In 2003, coalition forces looking for weapons of mass destruction discovered a collection of Judaica items in a basement used by Saddam Hussein’s secret police. The items found included Judeo-Arabic texts from the 10th century, Torah cases and even children’s Hebrew manuals. The oldest item is a religious book from 1568. The items were brought to the US for restoration at the National Archive and Records Administration, where they have been for the last eight years. However, they have sat untouched because the money required for a massive restoration effort had not been raised yet. Last year, Iraqi officials began a campaign to get the item back.
Iraqi officials, especially Culture Minister Taher Nasser Al-Hamood, claim the US has no intention of returning the items, saying they do not trust the US. Iraq would like the archive back because it is the heritage of a once vibrant community that was the largest in the Middle East and was in existence from the 6th century BCE until the creation of the state when most of the Jews were driven from their homes and moved to Israel.

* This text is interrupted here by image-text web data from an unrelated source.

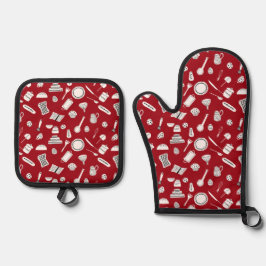 Set De Manoplas Cocina Retro Rojo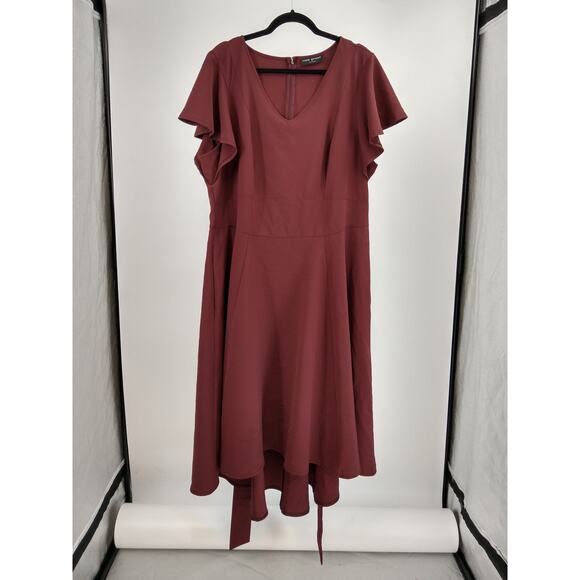 Lane Bryant Lena Dress Plus 20 V-Neck High Low Midi Short Flutter Sleeve Wine - Picture 7 of 10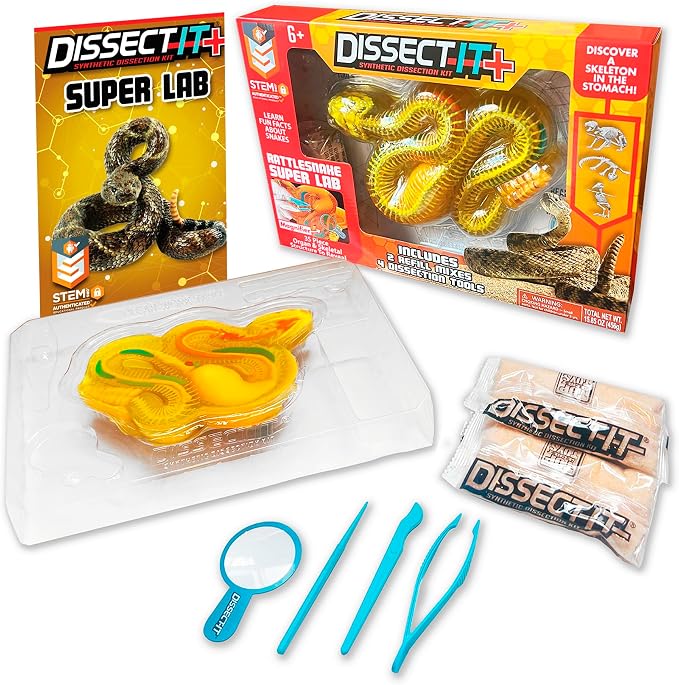 Dissect-It, Rattlesnake Dissection Kit, STEM Toys for Kids, Ages 6+ | Rattlesnake Anatomy, Examine Realistic Organs & Complete Skeleton, Then Rebuild with 2 Gel Refill Packs for STEM Learning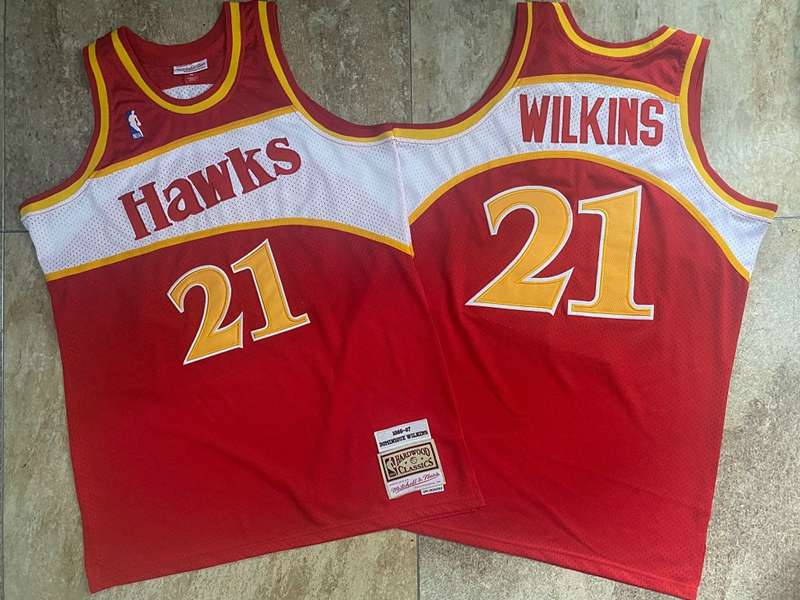 1986/87 Atlanta Hawks WILKINS #21 Red Classics Basketball Jersey (Closely Stitched)
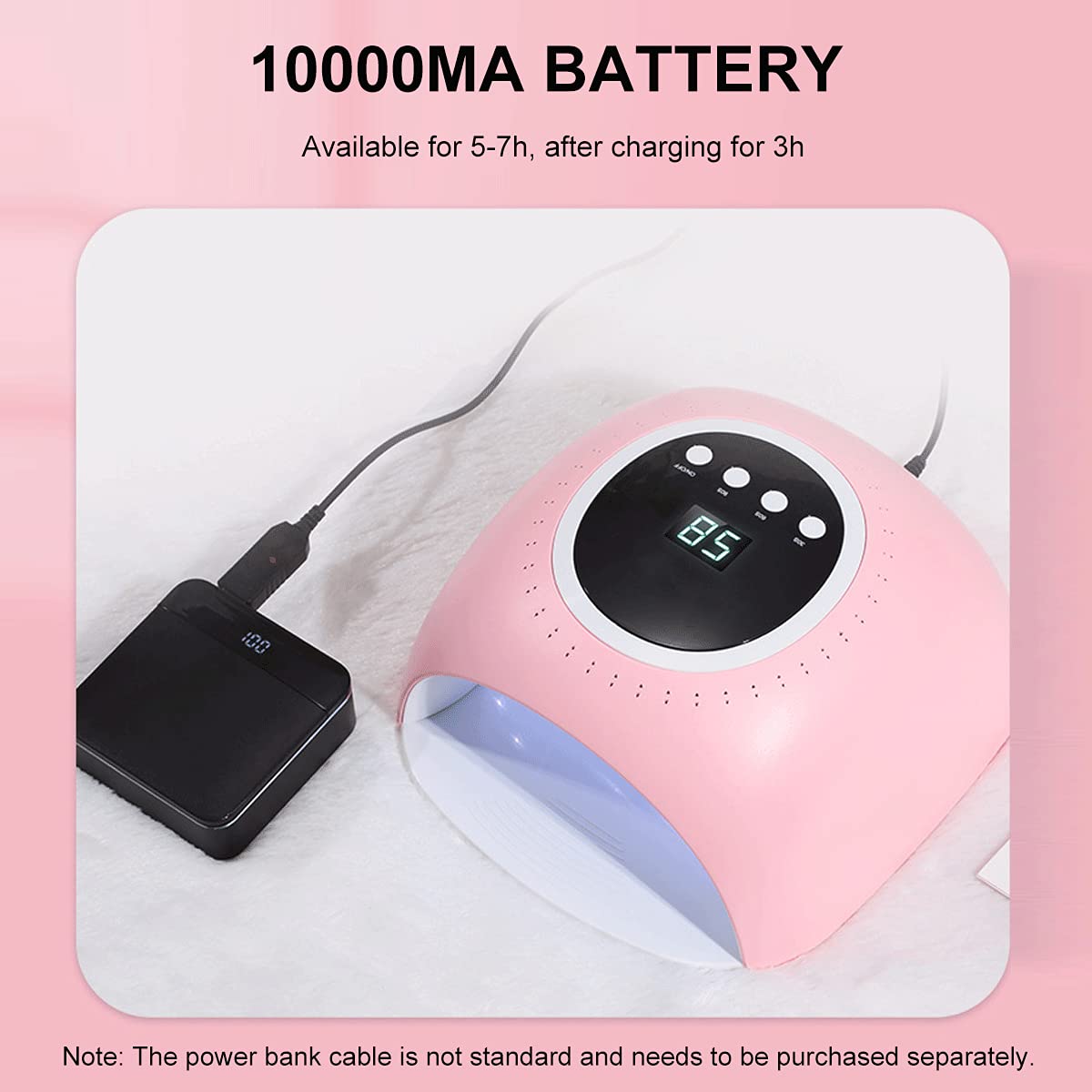Lampada UV LED per Unghie 60W Cordless per Unghie, Luce UV Ricaricabile con Impostazione 4 Timer, Display LCD, Rilevamento Automatico, Funzione di Sbiancamento a Luce Rossa Strumenti per Nail Art (L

The State Department has agreed to return the items, but said there were problems with the restoration that was preventing the return. Hamood has rebuffed those claims, citing imagined pressure from American Jewish groups and scholars who would like access to the trove so that they may be documented and analyzed, something that will be impossible if the items return to Iraq. However, the Iraqi government itself seems to be divided on the matter, with the Foreign Ministry wanting the US to perform the work and the Culture Minister claiming they were told recover anything that went missing during the Gulf War and US occupation.
The Jewish community has been quiet on the matter, only saying that they hope the items will be a way of opening communication with Iraq so as to protect Jewish cemeteries and shrines in Iraq that in the past were destroyed in waves of anti-Semitism.